事実は、あったか、なかったか、そのどちらかだ

| コメント(0)
いわゆる森友事件を巡って、森友の理事長が現職の総理大臣から、その妻を通じて100万円の寄付を受けたと証言したことについて、当該総理大臣はこれに強く反発し、「これだけ多額の寄付を私が行うことはあり得ない」と否定したそうだ。しかし事実を否定するのなら、単に「なかった」といえばすむことだ。それをわざわざ「あり得ない」というのは、聞く者の耳に異様に聞こえるのではないか。

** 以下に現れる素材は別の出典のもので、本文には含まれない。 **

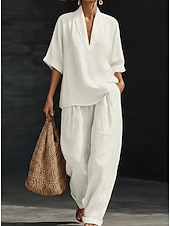  Dámské Sady bavlněného prádla Poloviční rukáv Do V Bez vzoru prázdniny Denní Ležérní Denní Vodní modrá Černá Bílá Jaro léto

その寄付を媒介したと名指しされた当該総理大臣の妻のほうは、そのようなことは記憶にございませんと言ったそうだ。これも自分にかかわる事実を否定したいなら、単に「なかった」といえばすむことだ。それを記憶にないというのは、そもそもなかったものだから記憶にないのか、それともあったかもしれないが記憶にないのか、どちらとも解釈のしようがない。

聞く者がこのように感じるのは、事実というものは、たしかに記憶と係わりのある部分もあるが、基本的には、「あった」か「なかった」か、そのどちらかであるからだ。このケースの場合には、一年半前の出来事が問題となっているわけだから、またその出来事の舞台となった場は総理大臣の妻と森友の理事長との間でかなり親密なやりとりがあったと思われるところから、その場の記憶、しかもかなり重大な事実を巡る記憶が無くなったというのは、小説の世界ならともかく、現実の世界ではほとんどありえないことだろう。

それ故、あらぬ嫌疑をかけられていると思うなら、その嫌疑のもととなった事実を断固否定すべきなのである。否定するのはむつかしいことではないし、また証拠を示す必要もない。事実がなかったのに「あった」というためには、それを主張する人がその証拠を示す責任がある。だから堂々と「なかった」といえばすむのである。